▸ Requirement:
Before you return the lines below, strip out any images and keep every word as written.

▸ Data shown:
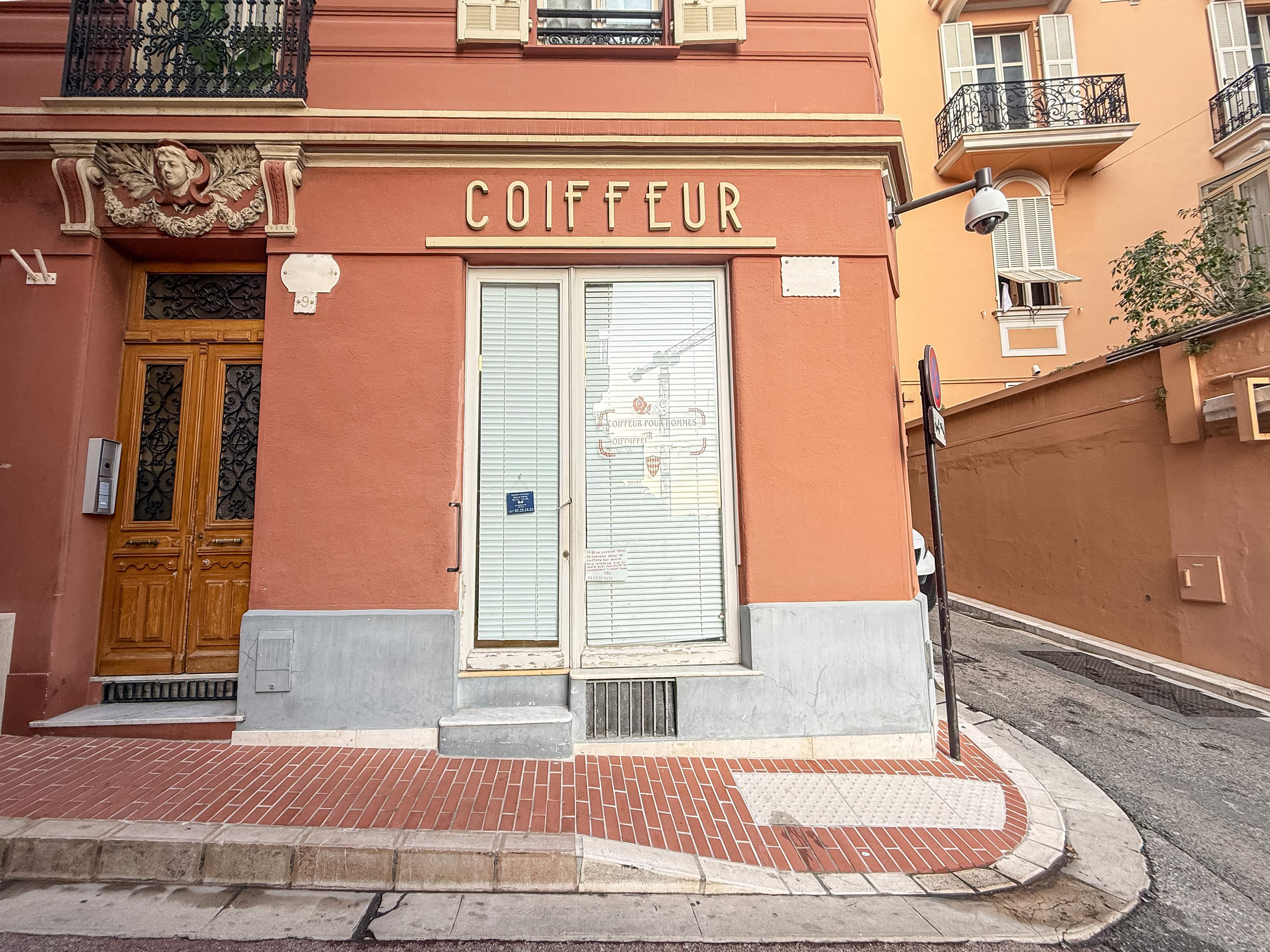 Monaco  - Business assets  - picture 1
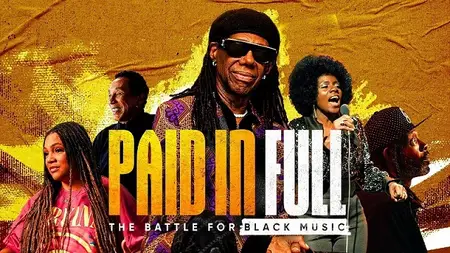 BBC - The Battle for Black Music: Paid in Full (2024)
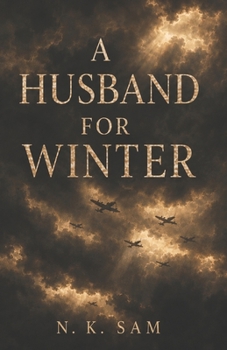 Paperback A Husband for Winter Book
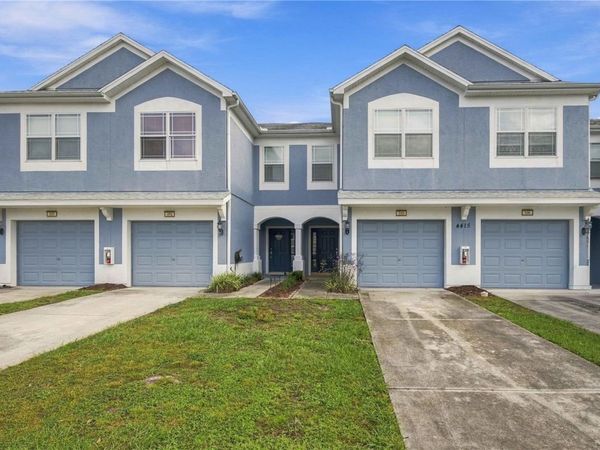 4415 SW 52ND CIRCLE , Unit 105, OCALA, FL 34474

▸ Task response:
 Monaco  - Business assets  - picture 1
 BBC - The Battle for Black Music: Paid in Full (2024)
 Paperback A Husband for Winter Book
 4415 SW 52ND CIRCLE , Unit 105, OCALA, FL 34474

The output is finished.